• Task brief: Begin with the first line below and retype each line exactly through the line containing "tower キャスター付きスリムトイレラック タワー ブラック". Any pictures are to be left out.

• Input data:

========================================

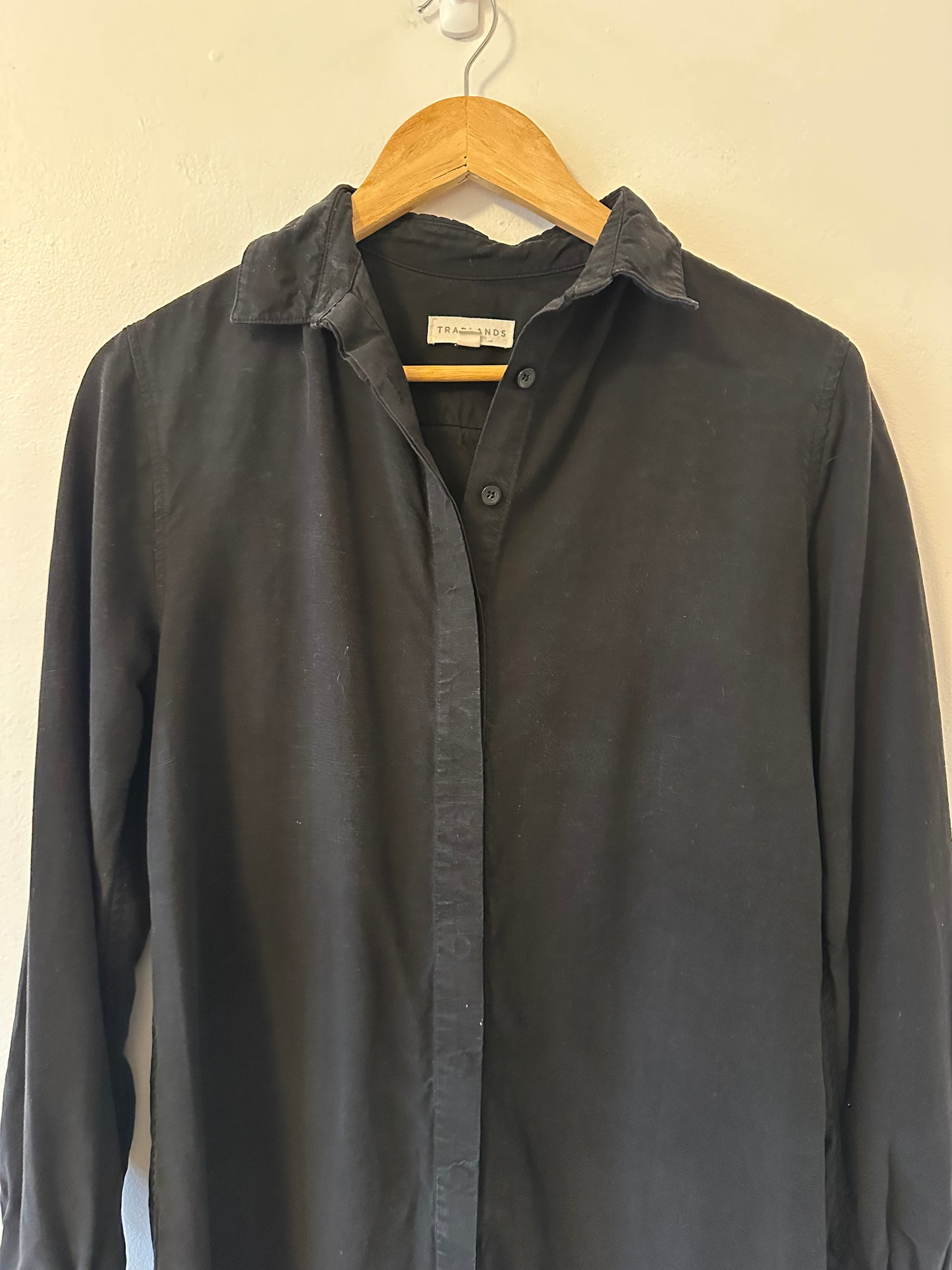 Tradlands Long Sleeve Black Shirt Dress | Size Small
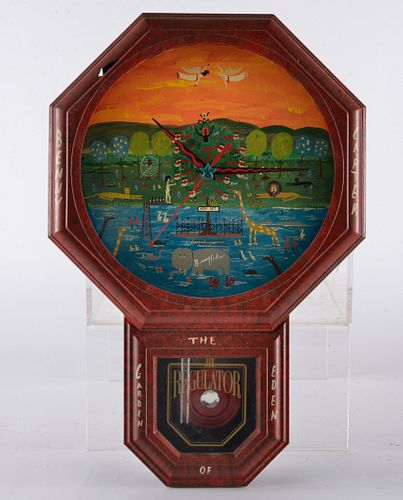 Appraisal: BENNY CARTER - CLOCKrare painted clock by Benny T Carter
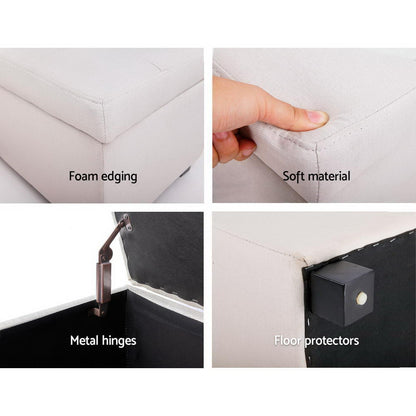 Artiss Large Fabric Storage Ottoman - Grey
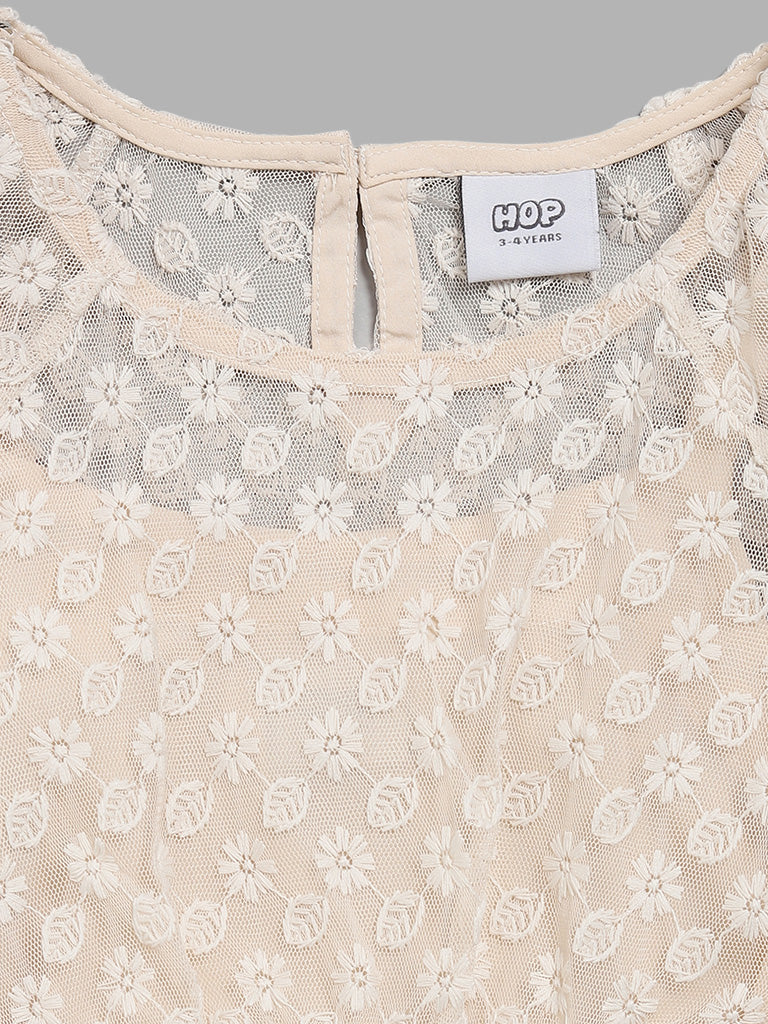 HOP Kids Beige Net Embroidered Dress with Camisole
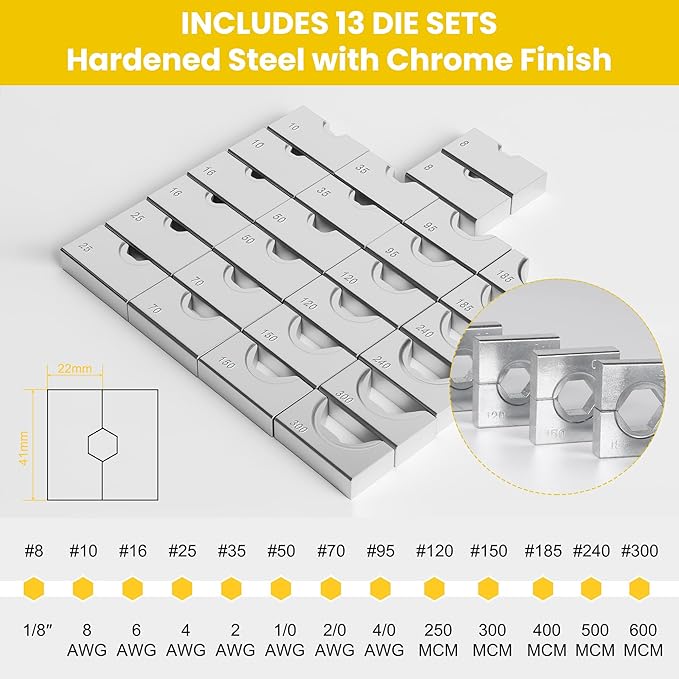 16 Tons Hydraulic Wire Crimping Tool Battery Cable Lug Terminal Crimper With 13 Pairs of Dies, 9AWG to 600MCM Crimping Tool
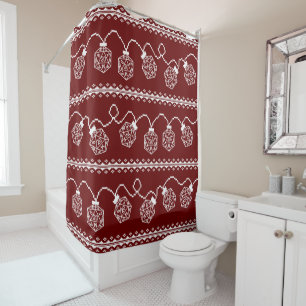 RPG Lights Red Fantasy Tabletop Retro Gamer Dice Shower Curtain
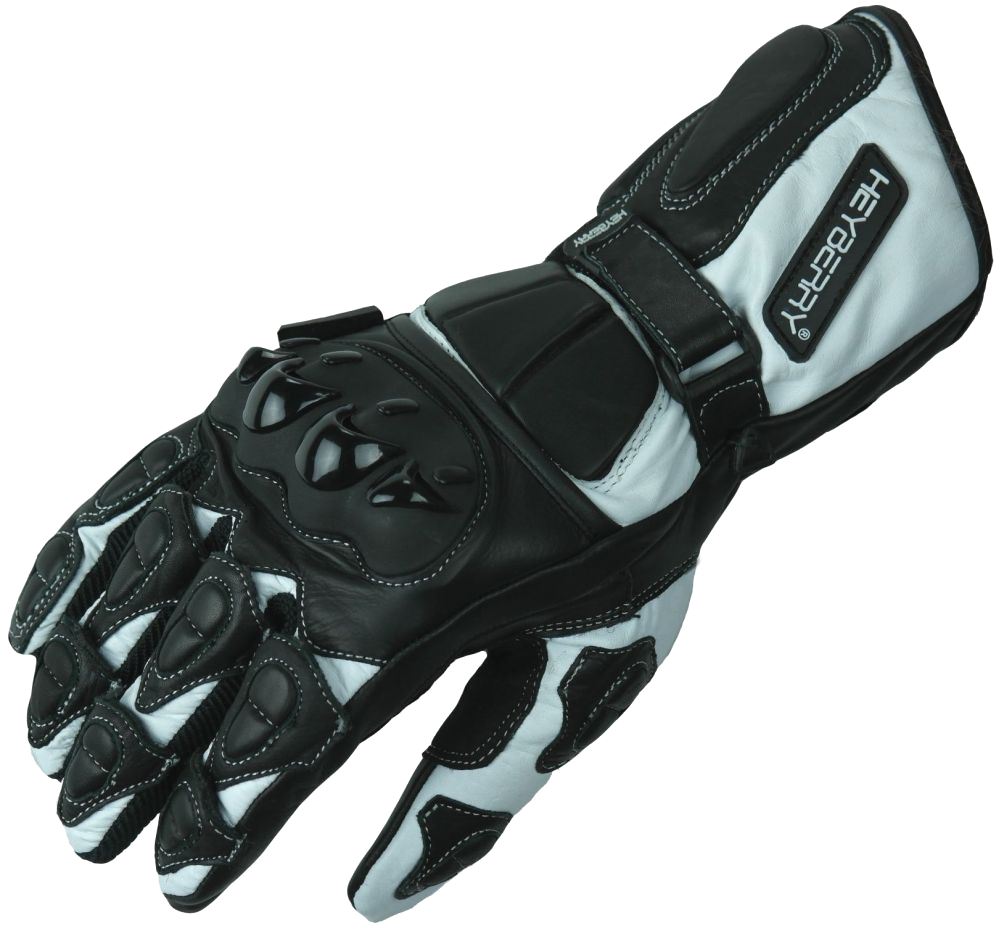 Heyberry Motorradhandschuhe Leder Motorrad Handschuhe schwarz weiß Gr. M - XXL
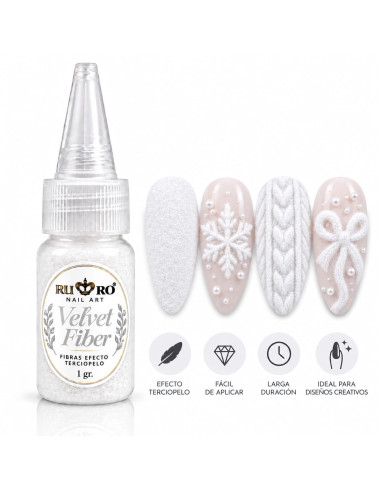 Velvet Fiber blanco RU-RO Nails fibra efecto terciopelo para decoración de uñas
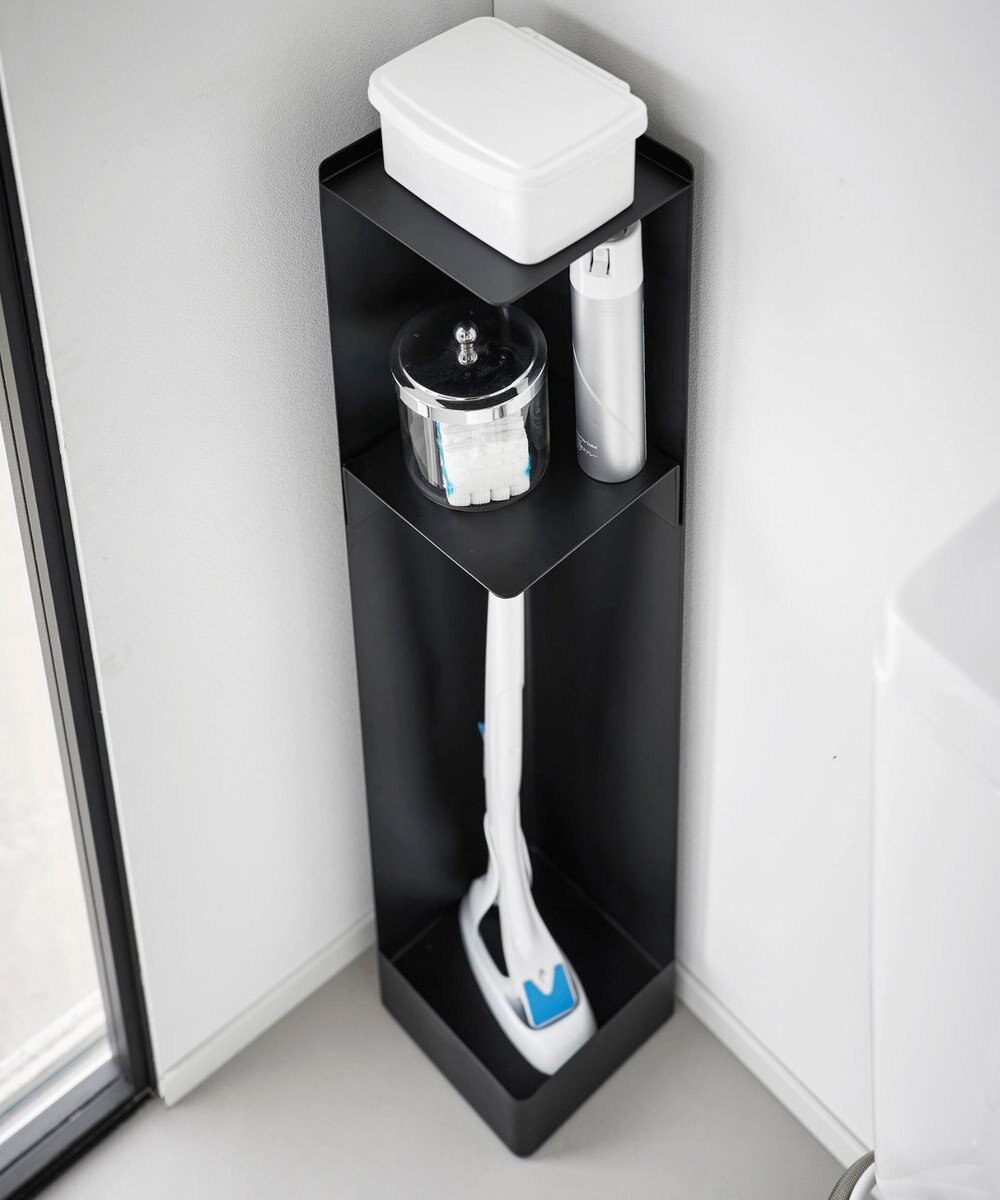 tower キャスター付きスリムトイレラック タワー ブラック 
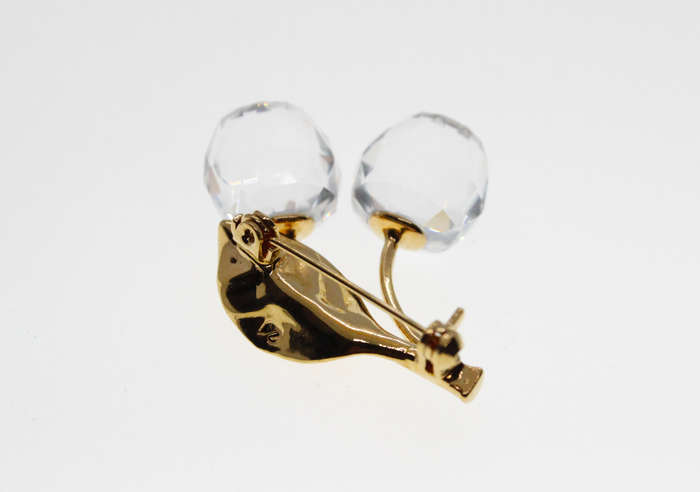 Brooch - Swarovski Crystal Ball Brooch with Gold Tone Leaf, in Original Box, Made in Austria - ML...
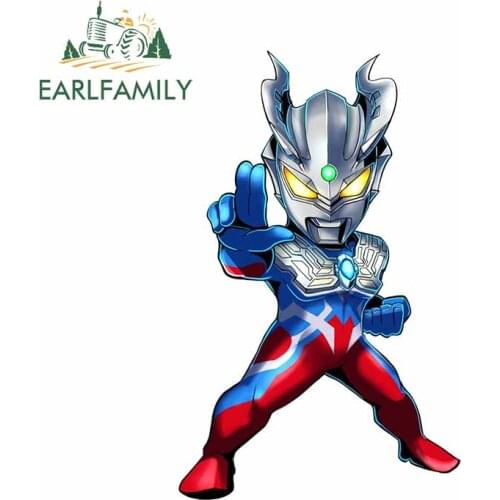 EARLFAMILY 13cm x 8.2cm for Ultraman Japan RV Car Sticker Personality Refrigerator Decal Windshield Anime Bumper Car Assessoires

========================================

• Output below:
 Tradlands Long Sleeve Black Shirt Dress | Size Small
 Appraisal: BENNY CARTER - CLOCKrare painted clock by Benny T Carter
 Artiss Large Fabric Storage Ottoman - Grey
 HOP Kids Beige Net Embroidered Dress with Camisole
 16 Tons Hydraulic Wire Crimping Tool Battery Cable Lug Terminal Crimper With 13 Pairs of Dies, 9AWG to 600MCM Crimping Tool
 RPG Lights Red Fantasy Tabletop Retro Gamer Dice Shower Curtain
 Heyberry Motorradhandschuhe Leder Motorrad Handschuhe schwarz weiß Gr. M - XXL
 Velvet Fiber blanco RU-RO Nails fibra efecto terciopelo para decoración de uñas
 tower キャスター付きスリムトイレラック タワー ブラック 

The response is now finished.